A livello musicale, da piccolo ascoltavo il cantautorato e il rock, poi da adolescente ho conosciuto hip hop, rap e reggae. Non ho mai trovato l’opportunità di dividere i genere; mi è sempre venuto spontaneo non farlo. Il problema di quando sono arrivato in Sony era il collocarmi in un genere; oggi fortunatamente non è così: se pensi all’urban, ti accorgi che spazia in vari generi. Per quanto mi riguarda, ho percepito che avrebbe funzionato non avere un genere.

Il fatto è che non credo proprio nei generi, li conosco, ma penso serva più ai giornalisti per avere un margine in cui muoversi. I Led Zeppelin stessi giocavano con sonorità che appartenevano ad altri mondi, anche il reggae – pensa a come suona D’yer Mak’er –, ma non si sono mai preoccupati di non essere rock. Se devo proprio scegliere un genere, però, ti direi che mi identifico nel cantautorato.

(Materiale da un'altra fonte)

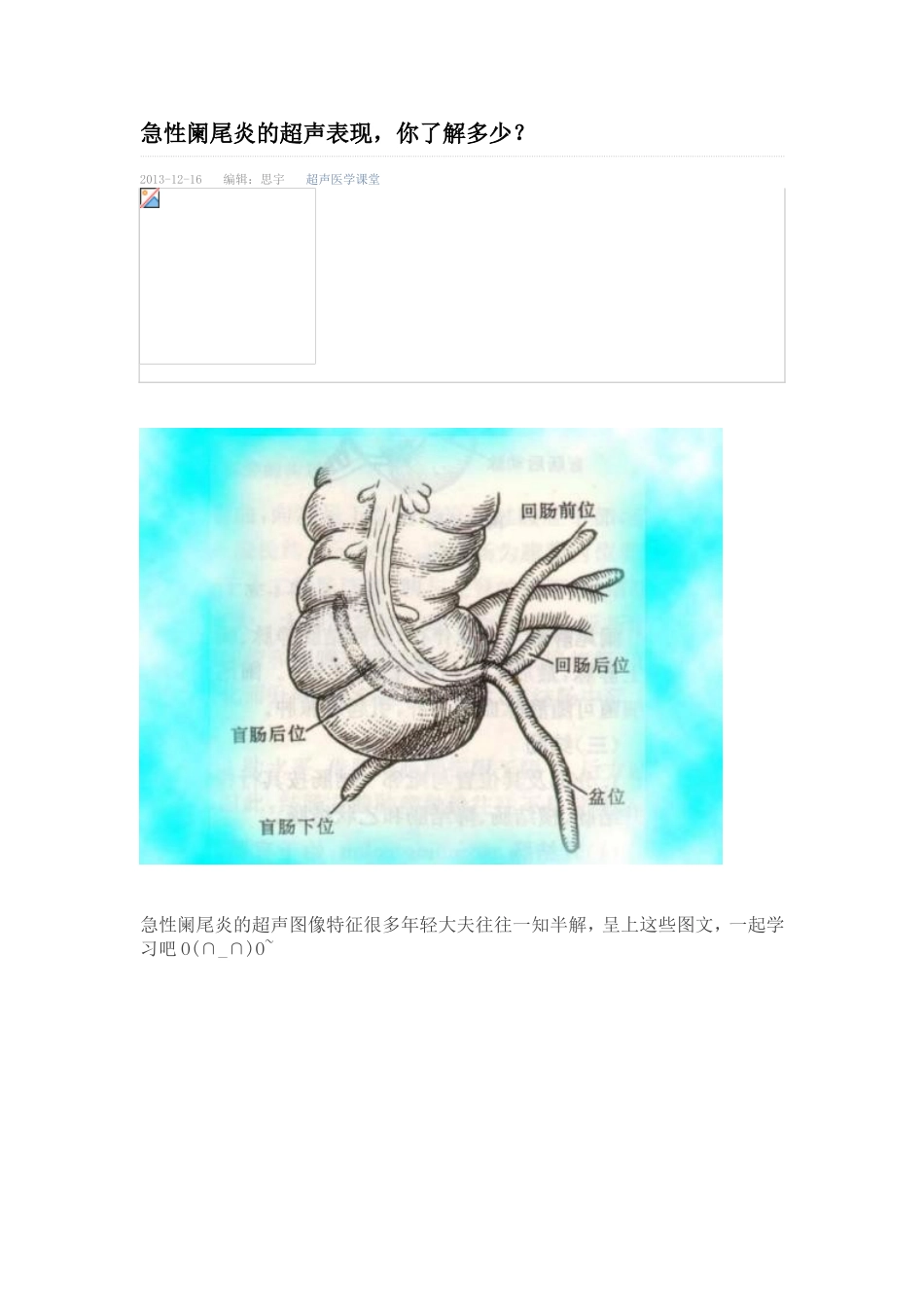 急性阑尾炎的超声表现_第1页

Nella tua carriera hai condiviso il palco con artisti importanti, hai suonato al Concertone del Primo Maggio nel 2019. Invece, un featuring che vorresti assolutamente fare e uno che, al contrario, non faresti mai?

Che non farei mai, probabilmente direi una bugia perchè lo dici quando poi l’occasione di farlo non ti capita. Forse Emanuele Filiberto e Pupo, oppure credo che non mi troverei con alcuni tipi di trapper perchè non avremmo le stesse affinità. Non so come combacerebbero le varie bitch, le collane e il resto; è tutt’altro con quello che devo dire io.

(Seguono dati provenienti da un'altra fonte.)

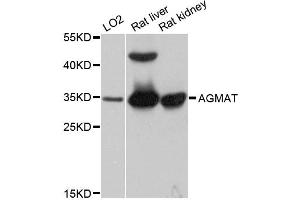 Western blot analysis of extracts of various cell lines, using AGMAT antibody. (AGMAT antibody)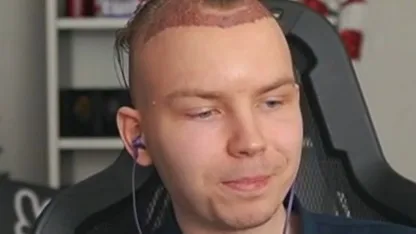 😀 Оказывается, что Строго перенёс операцию по пересадке волос Результаты на фото…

Partendo da questa paraculata, invece, ti dico che ce ne sono tanti con cui lo farei. Ci sono i grandi di un tempo, De Gregori tra gli altri, però è impossibile sceglierne uno. Tra i giovani, Tuttifenomeni; è interessante, mi piace, c’è stima artistica. Vale lo stesso per Venerus, ma comunque ce ne sono tanti che stimo e con i quali collaborerei. La non stima, poi, dipende dal fatto che piaccia o no quello che fanno, ma non giudico la loro musica perchè è la loro.

Quali sono i tuoi progetti futuri, oltre il tour?

C’è un album che stiamo finendo che come ogni album nuovo è l’album della maturità. Poi non sono uno che ama fare grandi piani perchè ho un po’ paura del futuro. Vado per piccoli passi.